English exotic

I opened the year with my year nine English class by showing them a picture. “This is how I feel about this year,” I explained, gesturing toward the monkeys and lush jungle of Henri Rousseau’s Exotic Landscape, 1910. “It’s inviting but mysterious, tantalising yet difficult to explain. For example, what is the monkey doing with that orange circle? And what even is that orange circle – an orange?” They gave me twenty perfect blank looks.

exotic landscape

Then I asked them to source and share images that express their own feelings about our year in English. When I asked for volunteers to share their images the feedback was dreamy: a tropical beach for relaxation, multi-coloured beads for diversity, a smiley face. Based on these examples, English for this group was the academic equivalent of drinking lemonade.

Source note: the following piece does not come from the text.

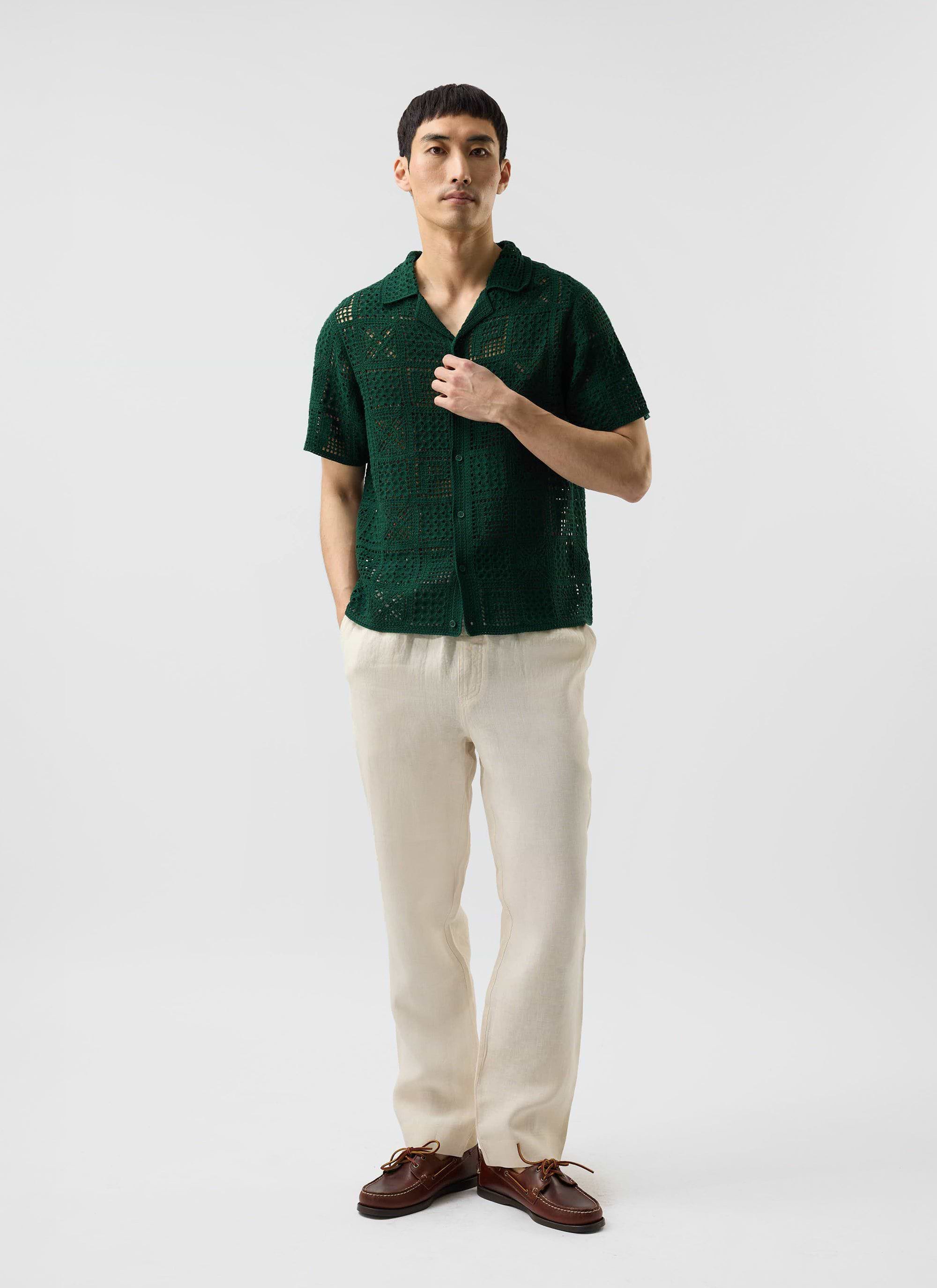 A model styles the Percival Crochet Groundsman Shirt in forest green, paired with cream linen trousers and brown boat shoes.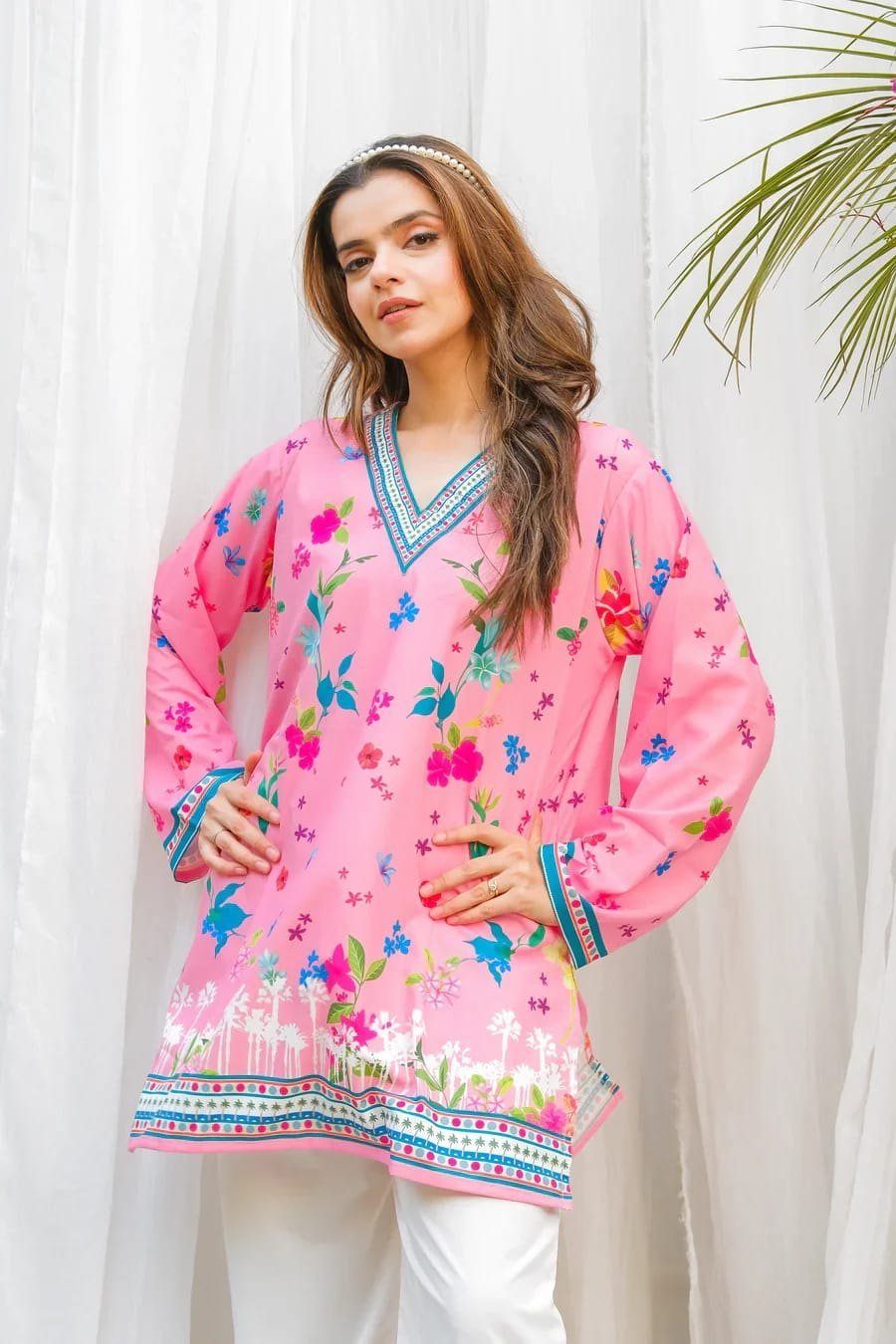 Close-up of the floral print and contrast V-neckline border on the pink kurti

But not everyone was sharing. When I collected all the images at the school’s online learning system the cumulative picture was more complex. What was this twice-appearing clown, and were those planets colliding? While students completed a writing task, I projected their images on rotation, reflecting to the class its emotional palette as the year commenced. Then I asked for questions – were there pictures that people wanted to know more about?

“That one,” they agreed in unison, when the words “YES” and “NO” appeared on the screen, interrogated by cartoon figures. Like me, the students showed most interest in their peers’ most surprising choices, the symbolic opposite of a beach.

“I chose that one,” a small voice said, “because, well, I feel different things about English. Sometimes I like it and sometimes I don’t.” The brave words were spoken so nervously that I left only the shortest silence before replying. “Me too,” I said, “and I think your picture comes closest to the jungle scene I showed everyone before. Remember, with the monkeys?” The student nodded. “I’m glad we understand each other.”